Non si placano le polemiche in merito ai criteri adottati per il pagamento dei consumi idrici. In ballo ci sarebbero milioni di euro che il Comune dovrebbe incassare per garantirsi liquidità. Sotto i riflettori sarebbe finita la delibera di giunta n. 151 del sette maggio 2008 con cui L’Ente intende fare chiarezza rispetto alle modalità e le motivazioni attraverso cui chiedere ai cittadini il costo del servizio erogato. Il periodo di riferimento dei ruoli è relativo all’anno 2003 ed a parte dell’anno 2004.

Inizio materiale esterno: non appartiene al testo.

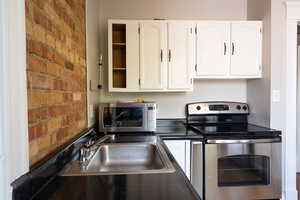 Kitchen featuring brick wall, sink, appliances with stainless steel finishes, and white cabinets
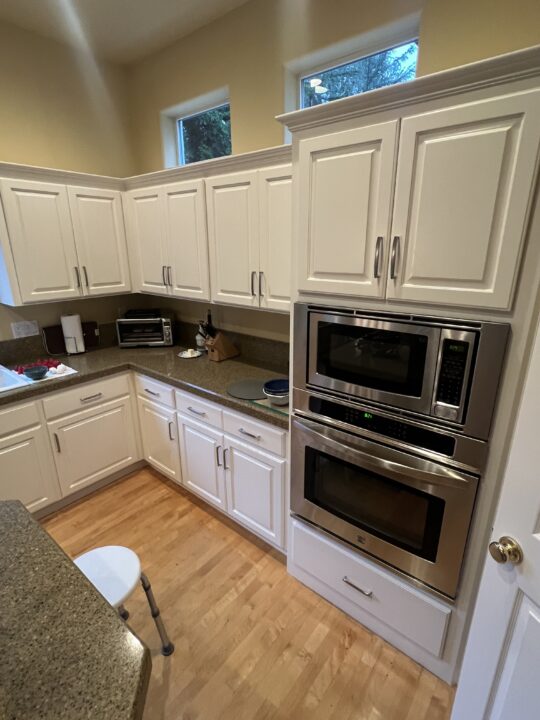 A kitchen with white cabinets, a double wall oven, granite countertops, small appliances, and a door partially visible on the right.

La questione si starebbe trascinando da almeno un quinquennio anche causa dell’assenza dei contatori presso le utenze cittadine. La gestione del servizio idrico con la relativa richiesta di pagamento è stata comunale sino alla metà dell’anno 2004, quando subentrò la GORI spa. In sostanza la delibera della giunta prevede un pagamento basato sul criterio dei 18.25 metri cubi procapite oltre il canone relativo a depurazione e fognatura, salvo successivo conguaglio. Il criterio adottato da Palazzo di Città si rifarebbe a numerose sentenze dei Giudici di Pace del Tribunale di Nocera Inferiore. Un parametro adottato forzosamente a causa dell’assenza della verifica dei consumi attraverso i misuratori.
A sollevare alcuni interrogativi chiedendo l’annullamento della delibera è stato Antonio D’Ambrosio, redigente del Comitato Spontaneo Salute Pubblica.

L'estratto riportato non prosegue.